Thats the point, we dont need the government to accept bitcoin for it to work, even tho it would make things easier. There will be a point where the average person will be fed up with the current system and thats where bitcoin shines. The more people stand behing bitcoin, the harder it will be for them to ban it. And even if it was banned it will be resilient, the more people already hold their own keys and run their own nodes the harder it will be for a ban to have any effects, it could even be positive, because it forces us to use more decentralized services.
I completely agree. Technologies like bitcoin are much more than charts and candles, it is a system of money that anyone can utilize as everyone else. All other means of exchanges take a bureaucratic approach and not everyone can use it like everyone else, more like it is designed to work for a select few. This is truer in poor and middle class nations.

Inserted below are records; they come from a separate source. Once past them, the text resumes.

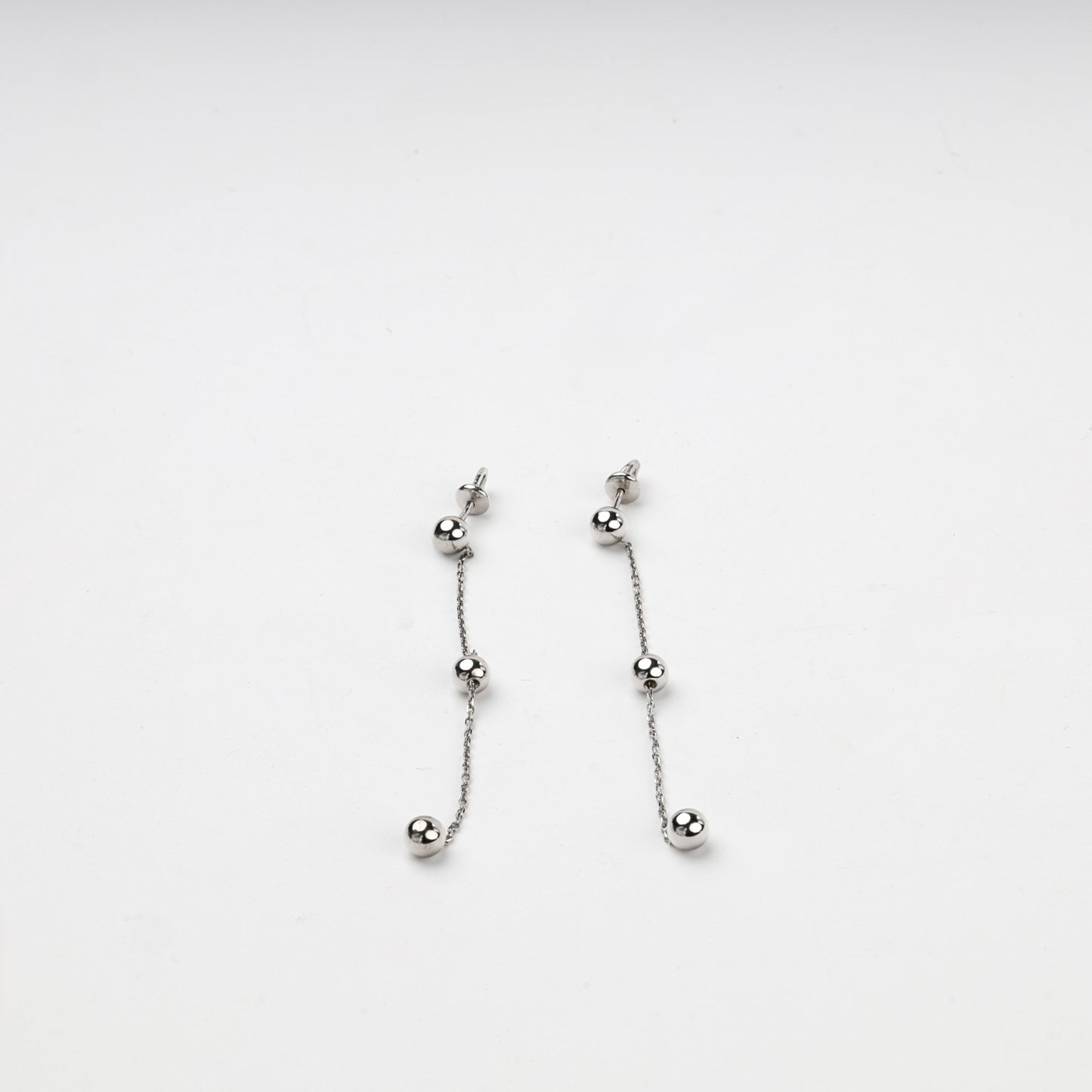Long silver threader drop earrings with three polished balls — Kabluchka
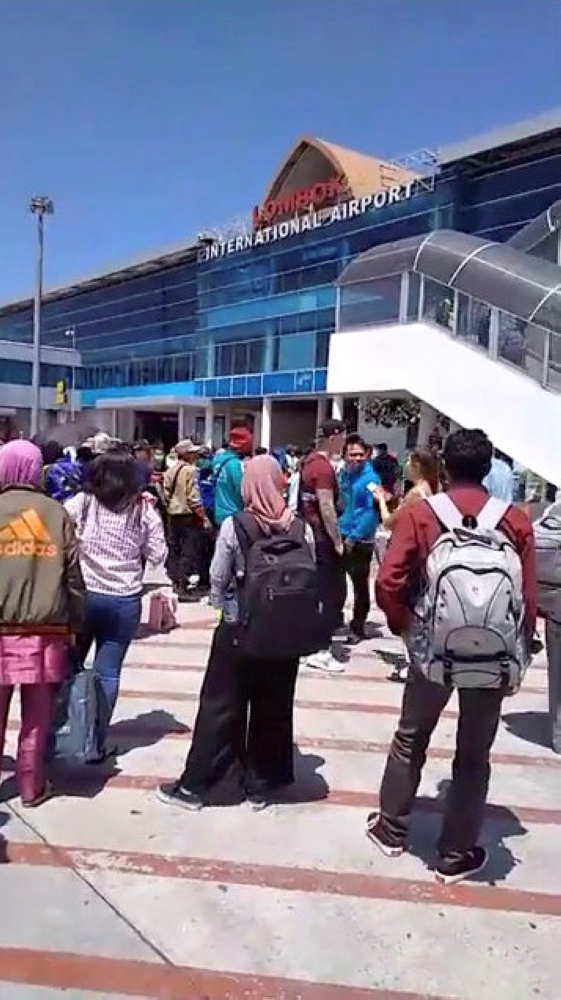 People evacuate from Lombok International Airport after an earthquake in this still image obtained from a social media video on Sunday. — Reuters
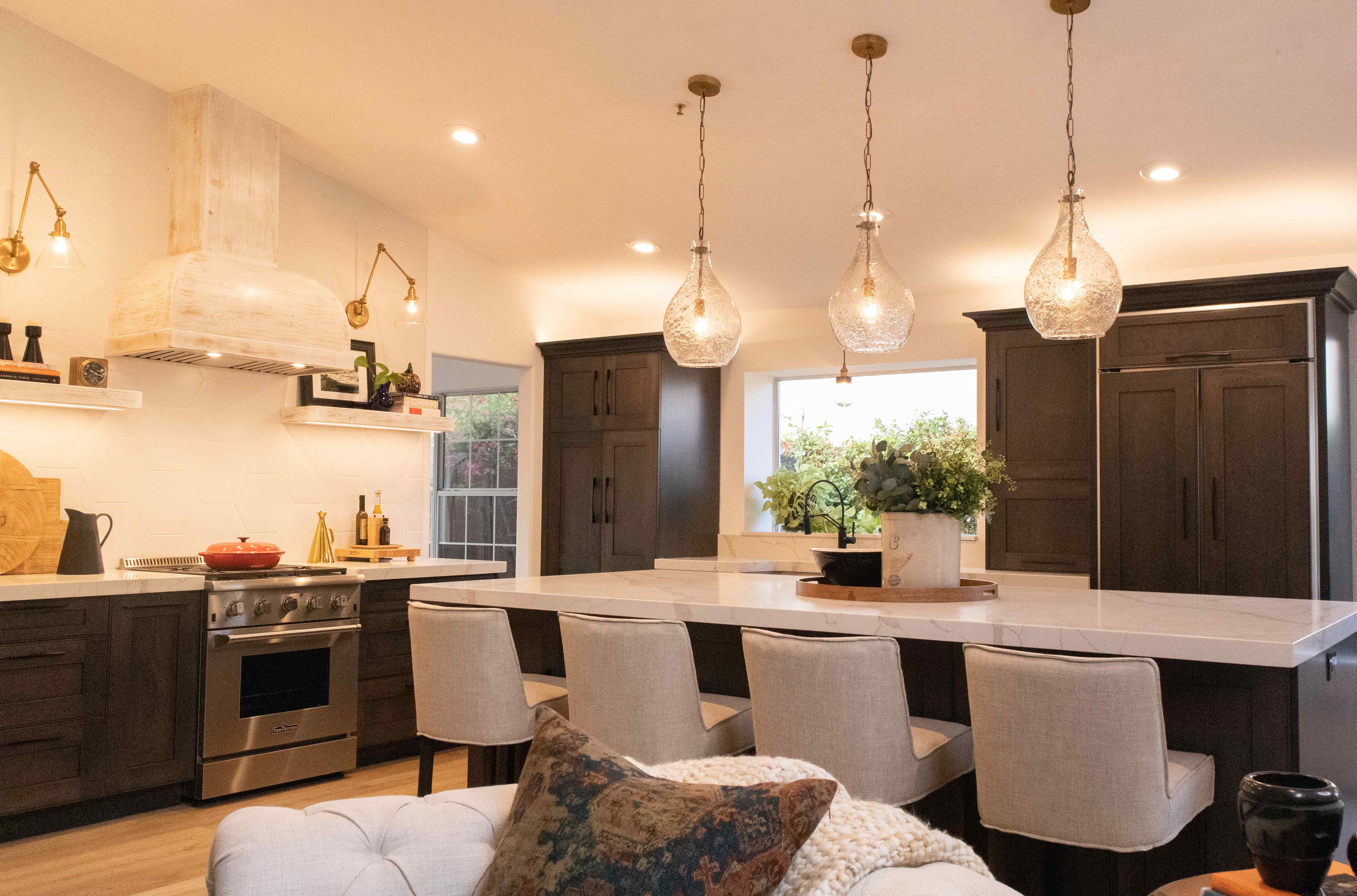 A well-designed kitchen with a central island and a stylish couch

Thats where the knowledge part comes into play, because the more educated bitcoiners we have, the easier it will be to withstand future attacks(And there will be many social attacks on the protocol and so on). Bitcoins game theory is just on point and i think it will play out the more good actors we have in it. And if countries refuse to take in bitcoin and keep this current broken system alive, then bitcoin will keep increasing in value and it will attract more and more people. So i think if we play our cards right, we can do it, theyre in the loosing position, not us, we just gotta withstand attacks now and keep it alive as best we can.
Having any sort of general consensus would be difficult as the scene is filled with so many different actors right now, the most plausible approach is not normalizing processes that undermine the decentralization of bitcoin, no matter how popular they become, like, storing on exchanges, freely submitting KYC documents, etc.